1. Write a reusable calibration tool, with a simple yet general enough interface
2. Make it easily deployable on HPC systems
3. Perform the optimization and analysis on the case study
4. Benchmark algorithms, objective functions, and hyperparameters

## Constraints

1. 1D simulations
2. Only scalar parameters (however, the framework allows more complex scenarios) 
3. No multi-objective (multiple targets must be squashed into a single one)
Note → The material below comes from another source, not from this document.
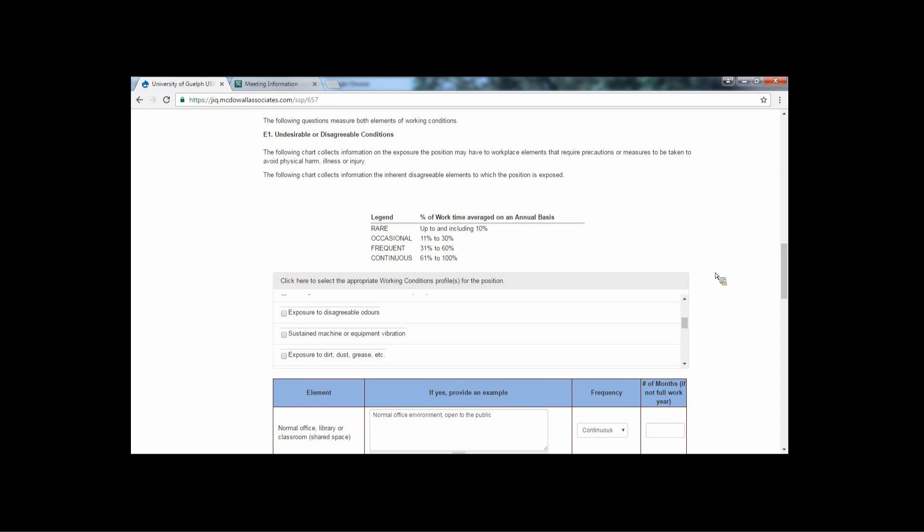Indicate the frequency and number of months each condition is encountered in the last two columns for each condition.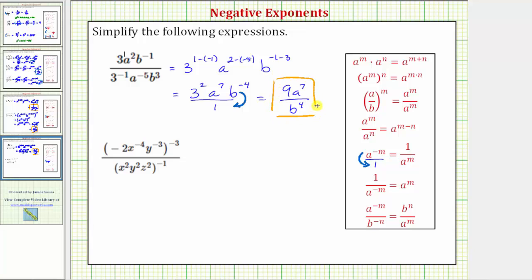Now let's look at the next expression. With this expression, we cannot simplify the fraction first, because notice how the numerator is raised to the power of negative three and the denominator is raised to the power of negative one. So we'll first apply the power property of exponents shown here: a raised to the power of m raised to the power of n equals a raised to the power of m times n. So when we have powers to powers, we multiply the exponents.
## Approach/Design Choices

* Python: simple language, good tooling e wide adoption in scientific computing community.
* Do not reinvent the wheel (use standard libraries as much as possible, otherwise third party libraries).
* Modularity, encapsulation and referential transparency.
* Emphasis on documentation and reproducibility.

## What has been done

<ol>
    <li class=fragment>Preliminary analysis of the case study and visualization</li>
    <li class=fragment><b>GEOtoPy</b>: A wrapper based on IO and keywords</li>
    <li class=fragment>Prototype of calibration with Nevergrad and SA with SALib</li>
    <li class=fragment>Deployment on Ulysses, now moving to VSC-4</li>
</ol>

## GEOtop IO Scheme

GEOtop works on text files, both for input and output.

The main one is `geotop.inpts` and contains settings and comments, other CSV data files may be provided.

Comments begin with a `!`, settings match `<keyword> = <value>`.

The values can be booleans, numbers, arrays or strings. 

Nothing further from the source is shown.